I think about when I went off to college and my faith was fragile, and God in his mercy provided people who came along and helped me hold up and not [get] swept away by so many different things during those days. I think about when my dad died and I’m shaking, holding, trying to hold on, and the multitudes of people who came up and held me up. And I think about the last few years; I think about challenges in our church family or in our family; think about waiting to go bring JD home, and so many of you praying with us and for us, holding us up in those days in so many different ways … and all the way to this last week, and some of you, you know who you are, holding me up. I’m so thankful for people who’ve helped me “hold fast.” Now the key in all of this is, “What are we supposed to hold fast to and help each other hold fast too?”

And this is where it’s interesting. Do this sometimes in your Bible reading. So try to imagine how you or others might fill in what God’s Word is saying, for example. So if you didn’t know what this passage was about to say, and you read, “Let us hold fast …,” so how might we fill in that blank? What are options for people to hold fast to, like in the world? Let us hold fast to our jobs, clinging tightly to our jobs; our education; a resume. Let’s hold fast to our money, possessions, our home, our car, 401 Ks—these are all things the world says [to] “hold,” clinging tightly to. Let’s hold fast to our reputations, to our comforts. Let’s hold fast to our health. Or even let’s hold fast to the way things have always been, or used to be, or the ways they could be if this or that would change. Let’s hold fast to dreams. We hear it all the time: “Don’t let go of your dreams” or “Hold fast to this person or that relationship.” 

So if we’re thinking on a purely biblical level, what might we expect to read? Let us hold fast to our faith. Let us hold fast to Jesus. But what’s the word that God gives us here?

“ … the confession …”


Let us hold fast … the confession. I don’t think any of us would’ve put that word there, but God did. So let’s think about it. What is a confession? A confession is a declaration we make about something we know. So it’s not just something we know; it’s something we say. A confession is not silent. A confession is spoken.

“… of our hope …”

So let us hold fast the confession, the belief and the declaration … of what? Again, do the fill-in-the-blank. Let’s hold fast the confession of … and I think what probably first comes to our mind is the confession of our faith, which is often obviously important and related. We saw that word in verse 22 last week, but verse 23 says, “Let us hold fast the confession of our …  what? … hope.”

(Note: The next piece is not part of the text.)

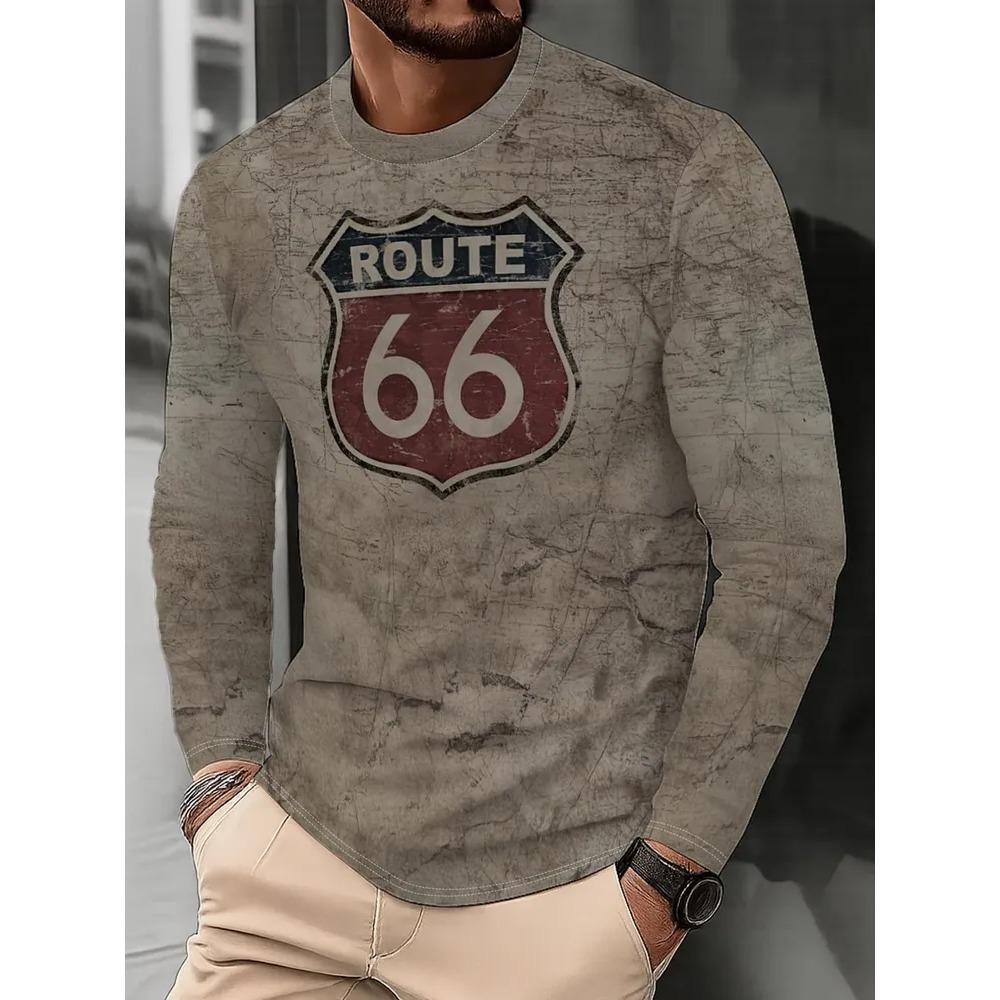 Herbst Rundhals Modisch Vielseitig Freizeit Streifen 3D Langarm T-Shirt Herren Mode Komfort Locker Sport Großes T-Shirt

Now again, this is the kind of thing, if we’re not careful, we can just kind of run by this. Let this soak in for a moment, because that word is fascinating. Because it’s telling us that our confession revolves around something that we don’t yet have and we can’t yet see. That’s what hope implies, right? One translation of Romans 8:24 tells us “hope that is seen is no hope at all. Who hopes for what they already have?” (NIV). Another translation puts it this way: “If we already have something, we don’t need to hope for it.” No millionaire hopes to be a millionaire. If you already have it, you don’t hope for it, which is why this word “hope” is so fascinating … because, so put this together, we’re supposed to hold fast to [the] confession—what we believe and say—about something we can’t see and we don’t have yet.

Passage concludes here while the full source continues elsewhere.